けれど数分と経たないうちに「もう大丈夫」とウィルから身体を離す。
「眠れそうか?」
「うん。起こしちゃってごめん、ありがとう」
笑ったリオが「じゃあね」と背をむけ、羽織っていた薄布がするりと落ち──ウィルはそこで、言葉を失った。暗闇に浮かぶリオの白い背中には、あの女につけられた無数の傷跡が、まだはっきりと残っていた。
切傷、火傷、ひきつれ。
どうしてこんな酷いことができたのだろう。
あの女。
ウィルは無心で傷を見つめた。
痛みは消えても、変色した肌は二度と元には戻らない。
──アーデルハイトがいくら年頃の娘らしいドレスを勧めても、リオが戸惑うように断るのは、きっと、この傷のせいもあった。
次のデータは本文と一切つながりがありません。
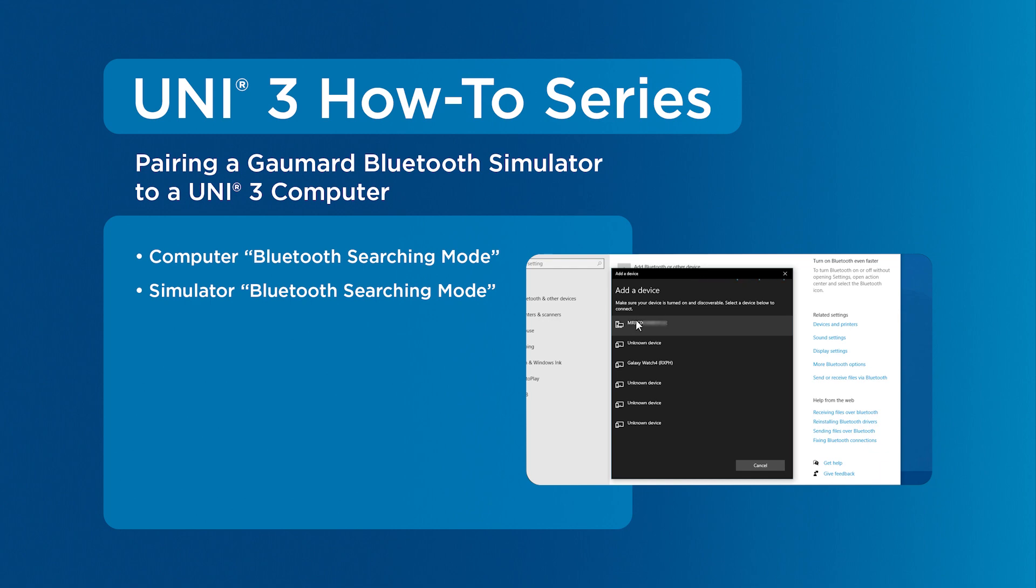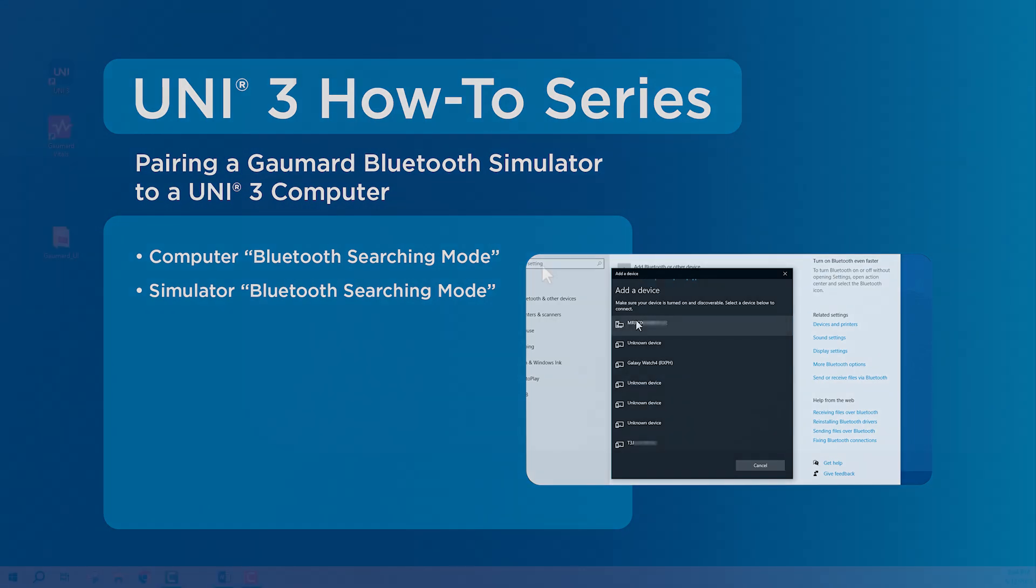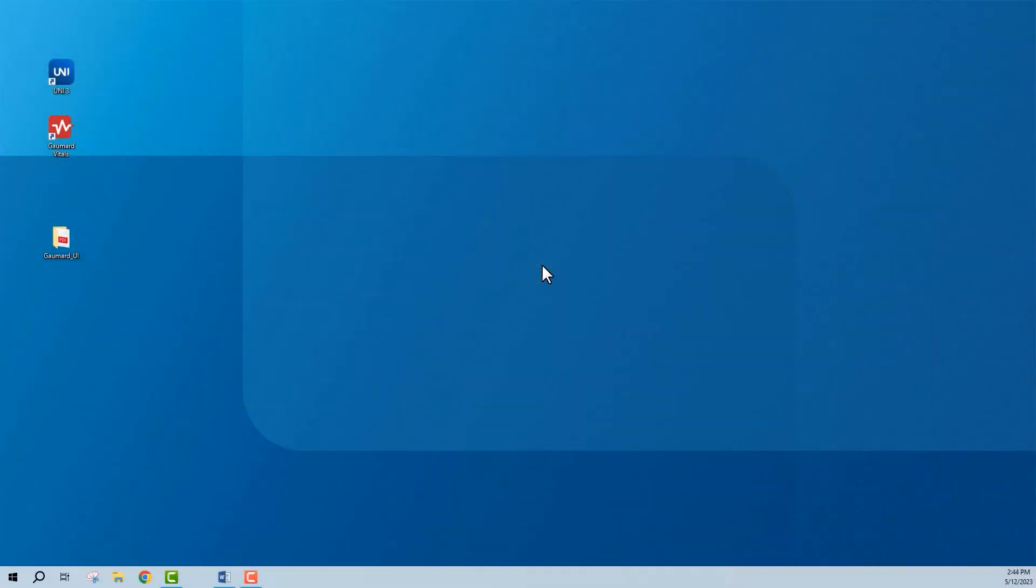Bluetooth pairing is a simple process that allows two devices to communicate wirelessly. Some Gaumard patient simulators are Bluetooth-capable and others can use Bluetooth by utilizing a Gaumard Bluetooth dongle.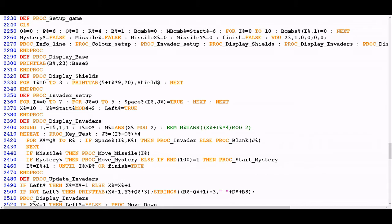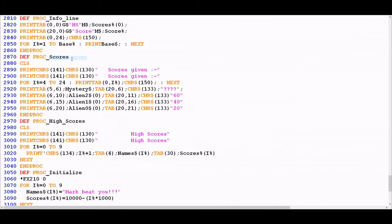What we're going to do is actually dive into each one of these and understand in a bit more detail what they're actually doing in practice. Starting with proc info line, it's a fairly straightforward procedure — it's basically just using a series of print tab statements. The print tab command, as you'll remember from previous videos, allows you to print text on the screen at a predefined x and y coordinate. The standard print command simply prints from the cursor position, but print tab allows you to specify anywhere on the screen where you want the text to appear.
ウィルは腕を伸ばし、ベッドを降りようとしたリオを抱きしめた。
「リオ」
──嫌な夢を見た
それは、どんな夢だったのか。
ウィルには想像することしか出来ない。
鬼のような形相の女が、幼いリオに手をあげる。何度も何度も。罵倒を浴びせ、酒瓶投げて、しまいには熱い鍋を──リオはそうして、表情と心を殺していった。
ウィルはそのまま、傷跡に唇を寄せた。
「もう痛くないよ」
こちらを振り返ったリオは、困ったように笑っていた。
ずっと堪えていたのだろう。
そうだ。多分ずっと、彼女は恐怖を堪えていた。
軍の寮にいた頃だって、本当は悪夢に魘されていたに違いない。
ただ、その姿を自分には見せてくれなくなっていただけで。
ずっと同室だったのに、気づけなかった自分が悔しい。歯痒い。
でも、今夜はこうして彼女は自分のところへ来てくれた。やっと頼ってくれた。それが嬉しくて、切なかった。もっと彼女の安心できる場所になりたい。
ウィルは唇をずらしながら、傷跡を追い続けた。
やがて観念したように座り込んだ彼女をすっぽりと腕の中に包み込む。
「ウィル……ウィル、ありがとう。大好き」
自分を呼ぶリオが、愛しくて仕方がない。
予測より早く、大雨が降る。
おかげで彼女の小さな泣き声は、ウィルにしか聞こえなかった。
読んでくださってありがとうございました。